RECORDS TO USE:
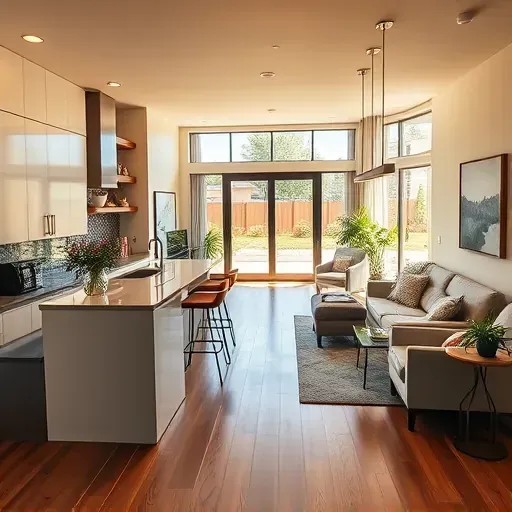 Home remodeling in Plain City OH featuring an open-concept living space with modern kitchen and elegant decor.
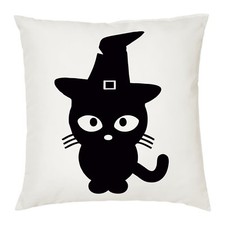cuscino 40 x 40 con disegno gatto nero idea regalo scherzo halloween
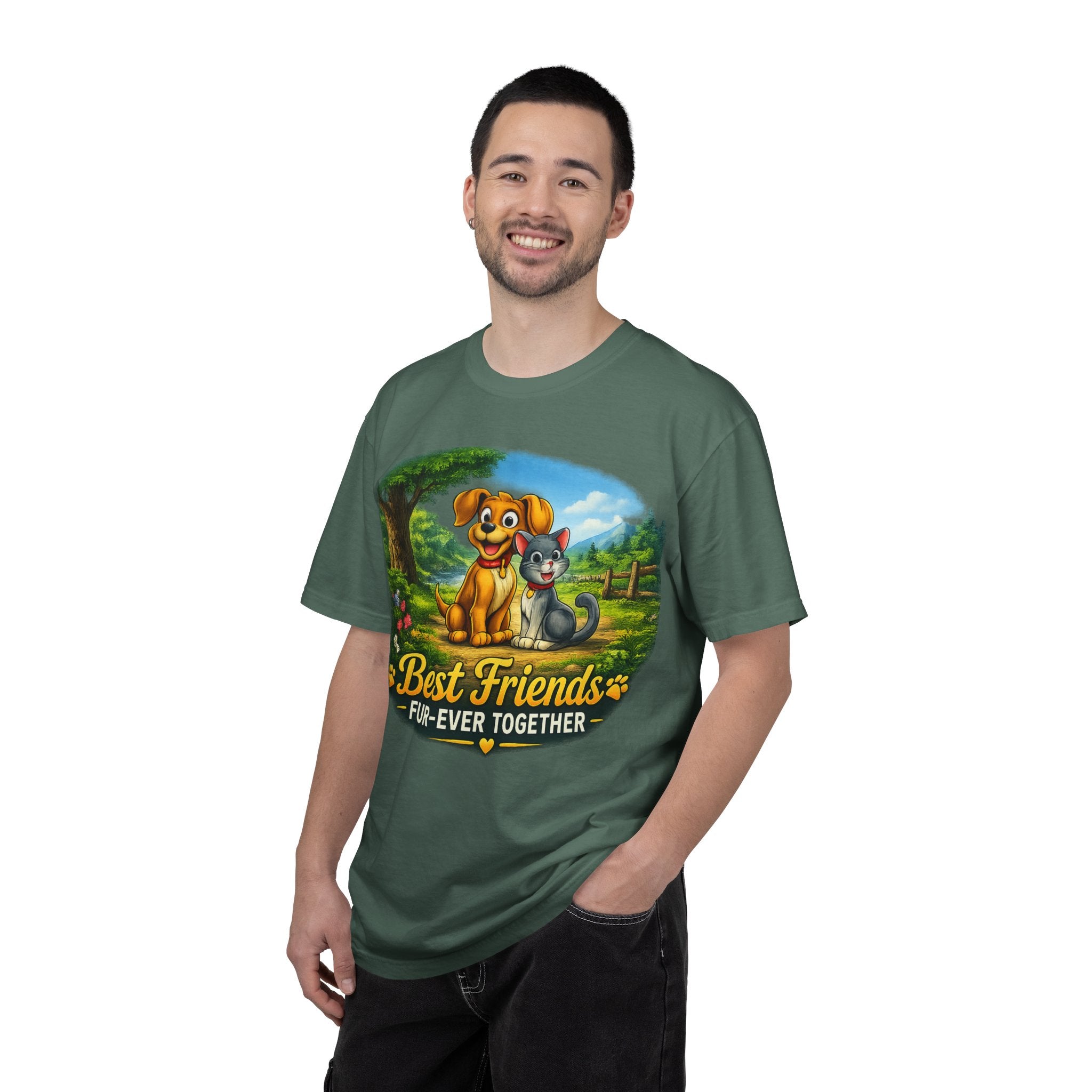 Best Friends T-Shirt — "Fur-Ever Together" Cute Dog & Cat Graphic Tee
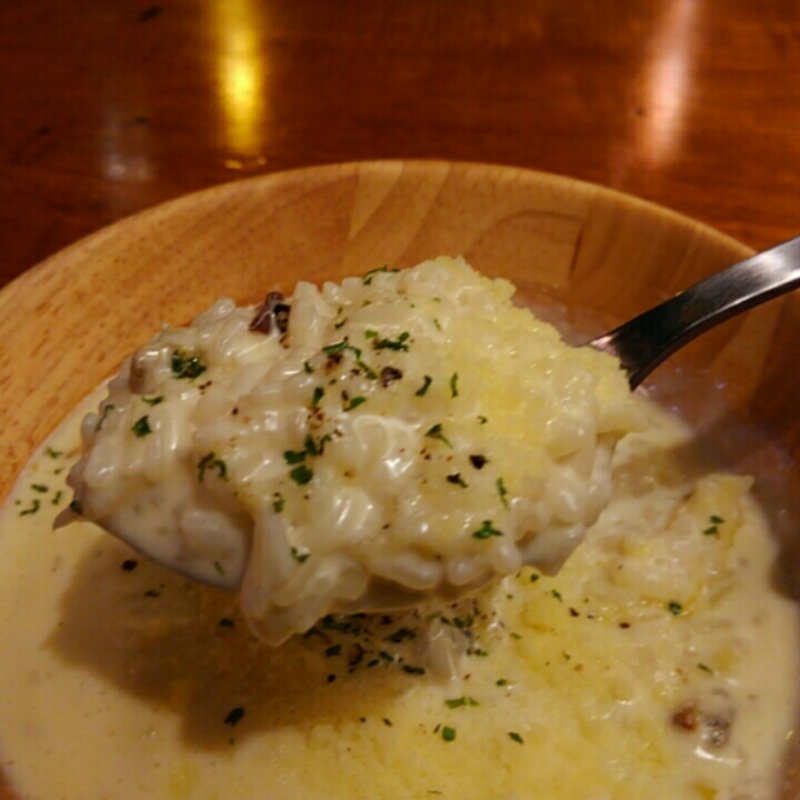 ポルチーニリゾット(串カツ・ホルモン ニュー朝日 梅田お初天神店)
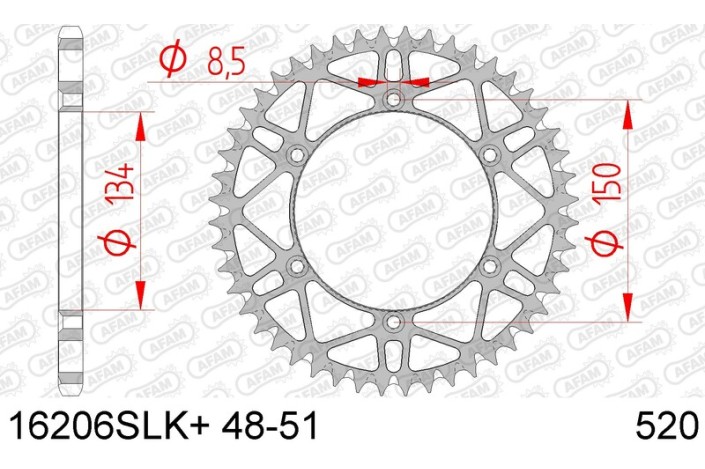 Couronne AFAM acier anti-boue 16206 - 520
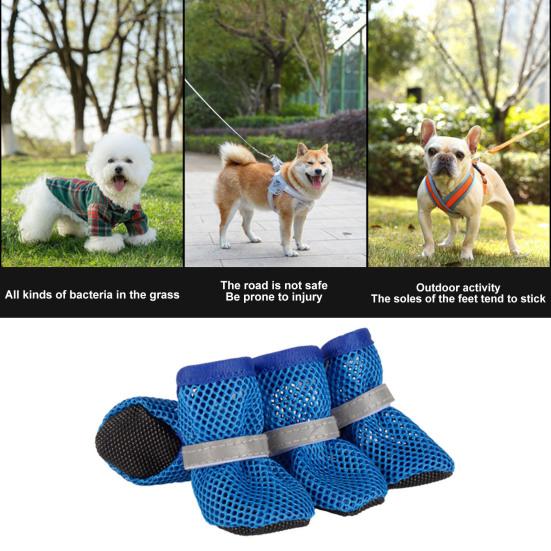 4 шт. обувь для собак, дышащая обувь для домашних животных, уличные пинетки для собак, летние, популярные, защита для лап собак, для прогулок, бега, бега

TASK OBJECTIVE:
Skip all pictures. Copy exactly the lines from the one containing "Best Friends T-Shirt" through the end of the records, both ends included.

ANSWER SECTION:
 Best Friends T-Shirt — "Fur-Ever Together" Cute Dog & Cat Graphic Tee
 ポルチーニリゾット(串カツ・ホルモン ニュー朝日 梅田お初天神店)
 Couronne AFAM acier anti-boue 16206 - 520
 4 шт. обувь для собак, дышащая обувь для домашних животных, уличные пинетки для собак, летние, популярные, защита для лап собак, для прогулок, бега, бега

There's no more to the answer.